Por Gonzalo Dávila Trueba.
Ilustración Camilo Pazmiño.
Edición 425 – octubre 2017.
Ni con palo de romero se puede encontrar dos hinchas de equipos distintos que hayan podido ser amigos, pese a luchar durante años no por ideología alguna —pensábamos de manera similar— y peor por racismo —jamás tuve nada en contra de los negros—. La rivalidad era por el fútbol: yo sigo siendo hincha del Deportivo Quito, el mejor equipo del mundo; él, de la Liga. Que nuestro respectivo equipo ganara significaba tener la dicha, el argumento y la razón suficientes para mofarnos hasta la saciedad del otro.

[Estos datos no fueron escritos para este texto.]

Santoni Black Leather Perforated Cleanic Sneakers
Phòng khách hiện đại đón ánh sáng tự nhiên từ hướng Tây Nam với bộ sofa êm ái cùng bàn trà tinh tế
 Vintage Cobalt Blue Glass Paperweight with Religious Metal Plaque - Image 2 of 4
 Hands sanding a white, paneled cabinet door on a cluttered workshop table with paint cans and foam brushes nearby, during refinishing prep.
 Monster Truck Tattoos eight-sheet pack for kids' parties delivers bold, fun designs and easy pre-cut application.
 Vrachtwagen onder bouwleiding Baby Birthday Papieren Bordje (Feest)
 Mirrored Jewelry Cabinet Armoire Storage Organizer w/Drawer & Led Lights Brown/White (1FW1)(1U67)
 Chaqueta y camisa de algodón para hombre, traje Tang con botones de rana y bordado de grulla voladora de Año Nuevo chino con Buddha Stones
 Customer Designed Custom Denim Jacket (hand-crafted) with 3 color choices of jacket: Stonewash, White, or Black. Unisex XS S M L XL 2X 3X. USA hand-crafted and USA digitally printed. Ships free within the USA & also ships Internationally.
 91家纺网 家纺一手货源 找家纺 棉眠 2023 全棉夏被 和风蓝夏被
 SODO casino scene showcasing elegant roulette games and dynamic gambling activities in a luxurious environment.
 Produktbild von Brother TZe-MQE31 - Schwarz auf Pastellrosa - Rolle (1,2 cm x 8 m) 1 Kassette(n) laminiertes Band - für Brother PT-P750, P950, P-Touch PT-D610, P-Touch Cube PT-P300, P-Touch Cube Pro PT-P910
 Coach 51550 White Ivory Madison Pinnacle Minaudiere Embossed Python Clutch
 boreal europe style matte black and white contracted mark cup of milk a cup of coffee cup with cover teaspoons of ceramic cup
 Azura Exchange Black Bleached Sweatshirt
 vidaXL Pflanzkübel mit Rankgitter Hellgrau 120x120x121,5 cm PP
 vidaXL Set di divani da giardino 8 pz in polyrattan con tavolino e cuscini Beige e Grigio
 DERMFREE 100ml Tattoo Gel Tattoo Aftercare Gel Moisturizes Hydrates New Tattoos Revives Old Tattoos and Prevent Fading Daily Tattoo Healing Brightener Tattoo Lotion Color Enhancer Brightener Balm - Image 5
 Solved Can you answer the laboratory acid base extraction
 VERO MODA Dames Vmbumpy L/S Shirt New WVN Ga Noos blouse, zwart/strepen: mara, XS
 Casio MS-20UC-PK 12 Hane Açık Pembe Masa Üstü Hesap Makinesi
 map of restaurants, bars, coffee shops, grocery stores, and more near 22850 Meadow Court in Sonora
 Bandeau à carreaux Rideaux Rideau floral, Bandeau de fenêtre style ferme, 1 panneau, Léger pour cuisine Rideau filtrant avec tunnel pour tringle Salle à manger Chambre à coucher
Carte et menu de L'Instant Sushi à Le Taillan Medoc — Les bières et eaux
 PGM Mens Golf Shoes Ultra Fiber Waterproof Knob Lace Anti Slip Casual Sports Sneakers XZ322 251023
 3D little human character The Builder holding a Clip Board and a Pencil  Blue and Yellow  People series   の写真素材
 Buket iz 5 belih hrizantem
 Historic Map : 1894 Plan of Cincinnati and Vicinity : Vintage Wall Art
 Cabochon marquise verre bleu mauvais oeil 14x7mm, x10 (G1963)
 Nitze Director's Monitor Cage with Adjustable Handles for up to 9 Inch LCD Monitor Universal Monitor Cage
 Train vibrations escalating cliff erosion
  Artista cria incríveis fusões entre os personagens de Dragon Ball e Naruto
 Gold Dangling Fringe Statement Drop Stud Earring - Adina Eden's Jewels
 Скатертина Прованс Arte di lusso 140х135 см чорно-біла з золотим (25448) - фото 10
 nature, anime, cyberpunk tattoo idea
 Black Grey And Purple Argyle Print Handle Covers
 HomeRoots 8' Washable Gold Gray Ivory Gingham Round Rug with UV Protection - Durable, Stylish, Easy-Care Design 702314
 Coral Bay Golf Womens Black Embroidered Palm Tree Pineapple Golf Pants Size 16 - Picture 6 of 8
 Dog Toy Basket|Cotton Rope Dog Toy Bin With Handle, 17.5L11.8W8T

Una ocasión llegó al restaurante con aire de cardenal y extendió el brazo para que besara su anillo y luego, majestuosamente, ordenó que le preparasen arroz con huevo: Liga había ganado un partido contra el Quito. Quedé íntegramente engranujado por la rabia contenida y el escozor no me pasó sino cuando, posteriormente, el resultado fue adverso para Liga. Pero él, vivísimo, desapareció del planeta Tierra.
Por esos años, Rodrigo Paz desarrolló una adicción que le obnubilaba la mente: el pulpo al ajillo. Tal era su pasión por el plato que, según decía, lo usaba inclusive como paliativo sicológico pues, con doble ración de ajo, iba feliz al dentista para vengarse de cualquier dolor que le pudiera infligir.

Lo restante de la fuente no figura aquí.